Rowe filled his boots playing in the East Midlands and looks likely to do repeat the dose in the Premier League.

His unbeaten 162 came out of a South Wilts total of 264 and contained 15 fours and five sixes.

The 25-year-old saw nine different batting partners depart during his 200-ball stay at the Southern Gardens crease.

His was the longest individual innings recorded in the Southern Premier League, beating the previous highest by Paul Draper (then of Calmore Sports) when making 98 at Burridge back in 2000.

“It was difficult getting any partnerships going as we were losing wickets so regularly and it wasn’t until Josh Croom (14) came in at 152-7 that things stabilized,” Rowe continued.

They added what proved an innings defining 60 for the eighth wicket, Totton keeping themselves well and truly in the contest with Joe Bracey (4-55) and young Leo Taylor (2-43) continually making inroads.

Even so, South Wilts were hardly win favourites at 220-9 when Rowe and last man Matt Burton added another 44 – the Australian bringing up his 150 in the process and Burton scoring a rare boundary, much to the delight of his teammates.

Bothwell Chapungu came out with all guns blazing at the top of the Totton & Eling order and while he remained at the crease, the 2021 Division One champions were always a threat.

He struck a six and nine fours in 72 – his third 50-plus score so far – but lost Fletcha Middleton (20), Conor Griffiths (14) and Harry Stephens (21), all of whom made starts.

Totton’s prospects of a win waned when Croom, back for a second spell, bowled the Zimbabwean.
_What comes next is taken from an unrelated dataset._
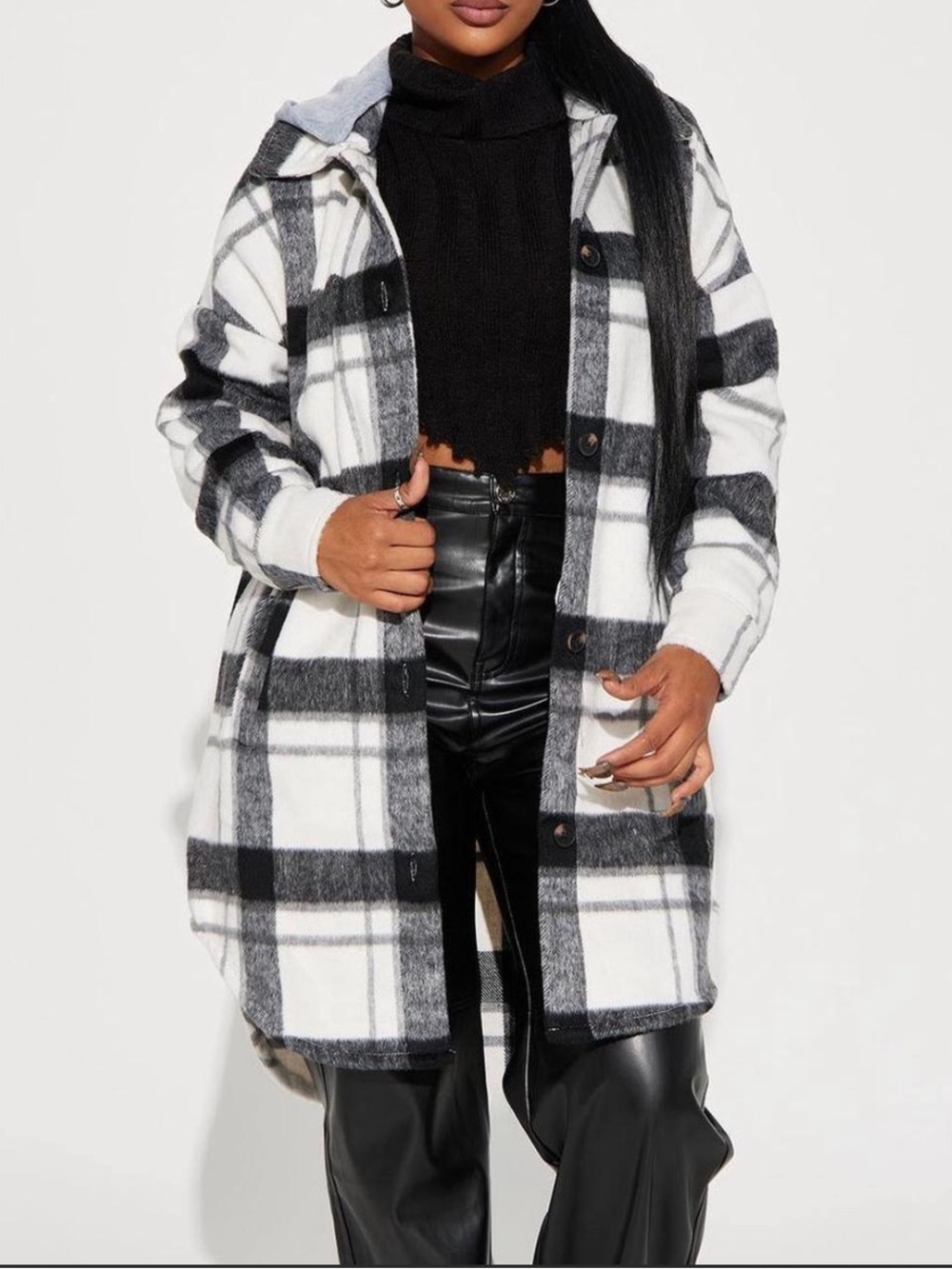 Plaid Longline Shacket Jacket - Black & White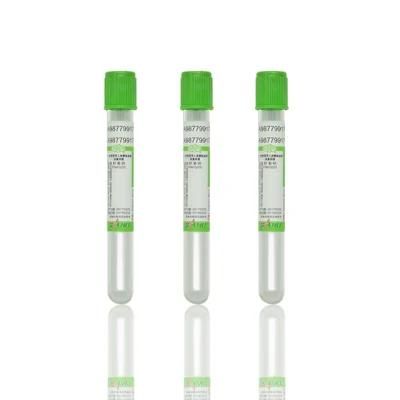 Gel &amp; Lithium Heparin Green Disposable Glass PE Blood Collection Tube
A promising 164-3 became 218 all out – the last seven wickets falling for 54 runs, six of them to teenage left-armer who was too hot to handle for the lower order. A score of 235 would have secured a winning draw.

Five of his victims were caught – three behind by Tom Morton – Croom finishing with 6-45 to take his league tally to 28 for the summer. It was his second six-wicket haul.

The win kept South Wilts four points ahead of the Hampshire Academy at the top of the table ahead of Saturday’s potentially significant Vice President’s Day match with arch rivals Havant at Bemerton.

South Wilts have been drawn away to Basingstoke & North Hants in the first round of the Southern Premier League T20 Plate competition.

Meanwhile, South Wilts seconds are eyeing a win over their Basingstoke & North Hants counterparts at May’s Bounty on Saturday to ensure they remain in a safe mid-table slot in Southern Premier Division Three.

After seven rounds of matches they lie sixth, 23 points ahead of Basingstoke, who are in the second from bottom relegation position.

A four-wicket defeat by Havant did not help South Wilts’ cause, the visitors easing past their hosts 225-6 with an over to spare.

Joe Cranch (56) hit a half-century for South Wilts and was supported by Rob Pitman (30) and Tom Bolam (26), but it needed a breezy knock from Nick Partridge to give them a potentially defendable total.

Partridge smashed three sixes in a quickfire 35 off only 14 balls to give South Wilts a valuable additional batting bonus point.

But Havant returned fire on Partridge, whose five overs went for a costly 38 runs, with Andrew Galliers (67) and Alex Wilkinson (20) teeing off.

James Brewer took 4-30 to stem the tide, but fifth-wicket pair Oli Jones (43) and Harrison Barnard (35) produced a key fifty-plus stand to guide Havant into a winning position.

Elsewhere, Harry Shardlow and William Welch hit centuries before South Wilts’ pulled off a one-run victory over Purton in a remarkable Wiltshire Under-15 League match at Bemerton, which produced a staggering 677 runs with the outcome in doubt until the very last ball.

Sharlow, with two sixes and 20 fours in his unbeaten 150, shared two significant partnerships, initially 171 with Welch (104) and then 150 with Alex Vincent (49) as South Wilts posted 338-7 in 40 overs.

With Adam Davison scoring 136, Purton hit back hard and eventually needed two runs to win off the last ball, which George Nash arrowed through the stumps of Cavan Bramwell (37) to give South Wilts a one-run win. Purton closed on an agonising 338-7.